Un puzzle che è stato ricostruito dal giudice per le indagini preliminari Giuliana Sammartino che per i tre gli arresti domiciliari. Le motivazioni che stanno alla base del provvedimento sono legate al loro “inserimento in una fitta rete di relazioni all’interno delle amministrazioni locali” con la “spregiudicatezza dimostrata negli anni nel perpetrare e organizzare condotte criminose, consumate fino a data recente”.

Oltre al rischio reiterazione del reato il gip sottolinea anche il “pericolo di inquinamento delle prove” rilevando che gli indagati “risultavano a conoscenza da tempo delle indagini del presente procedimento grazie alle capillari infiltrazioni all’interno degli uffici giudiziari”.

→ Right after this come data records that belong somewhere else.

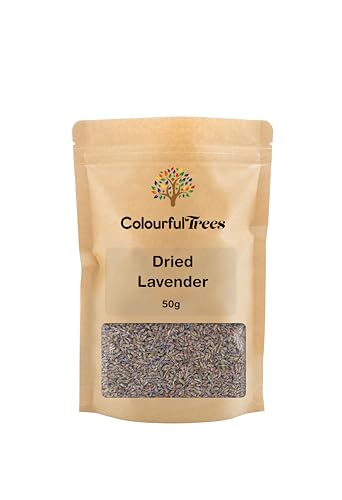 Dried Lavender Flowers 50g by Colourful Trees
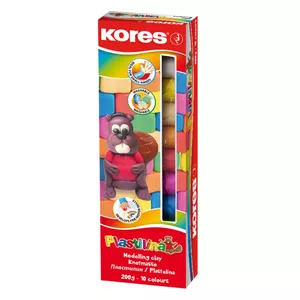 Kores 34010 pottery/modelling compound Modeling clay 200 g Assorted colours 10 pc(s)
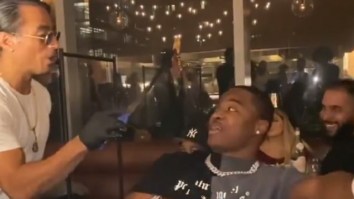 Cowboys’ Amari Cooper Refused To Allow Salt Bae To Feed Him Steak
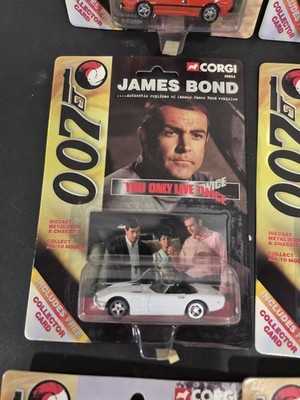 CORGI 007 JAMES BOND LOT 9 diecast GOLDENEYE GOLDFINGER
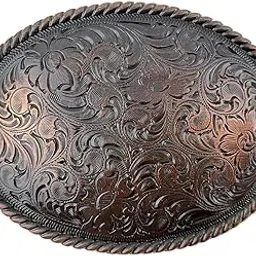 belts.com Antique Copper Rope Engraved Western Belt Buckle-picture-40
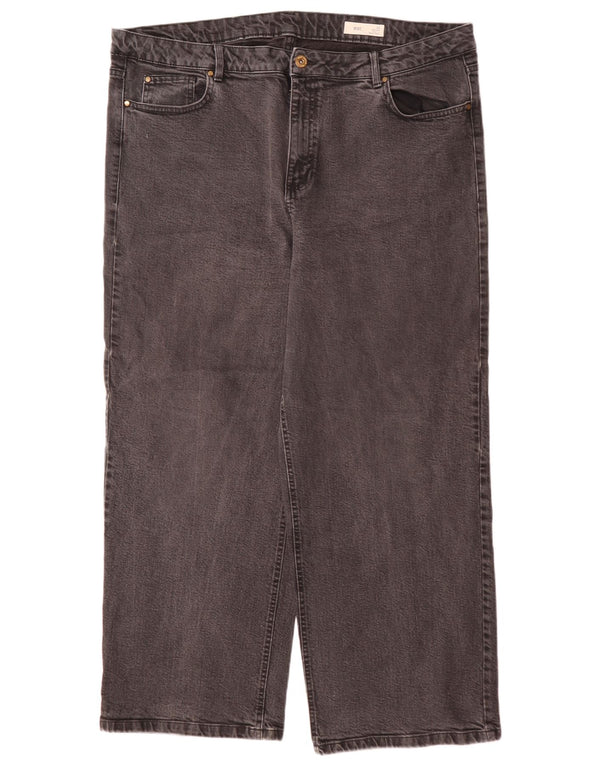 Marks & Spencer blugi pentru femei cu talie înaltă cu picioare largi UK 22 3XL W44 L29 gri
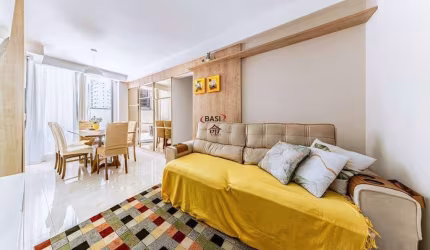 APTO GARDEN 3 DORMITÓRIOS MOBILIADO NO BIGORRILHO, 50M DA PADRE ANCHIETA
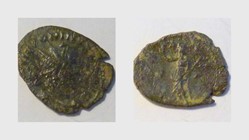 VICTORINUS Antoninianus RIC 117, Pax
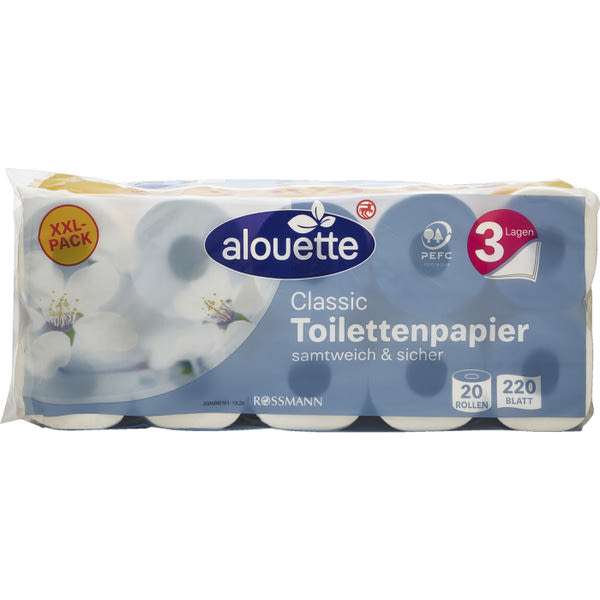 Alouette Classic XXL toalettpapír 3 rétegű - 20 db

Il gip definisce “allarmante un accesso abusivo al sistema informatico della Procura” di Catania per “captare aggiornamenti sul fascicolo e sugli indagati”. Un comportamento che per la Procura di Catania era inserito all’interno di un’associazione per delinquere per commettere reati contro la Pubblica amministrazione, ipotesi che il gip ha rigettato in sede di esigenze cautelari.

Secondo i Pm, Russo Morosoli quale rappresentante “della Star srl e della Funivia dell’Etna e di Ultima Tv srl” ne “era il promotore” e usava i suoi “mezzi finanziari e le relazioni consolidate con soggetti pubblici” per “mantenere e consolidare il monopolio delle sue aziende sul settore turistico sui versanti dell’Etna”.

Lo avrebbe fatto anche, sostiene la Procura, “mantenendo rapporti con esponenti del mondo politico e istituzionale e utilizzando l’emittente Ultima Tv per denigrare potenziali concorrenti”.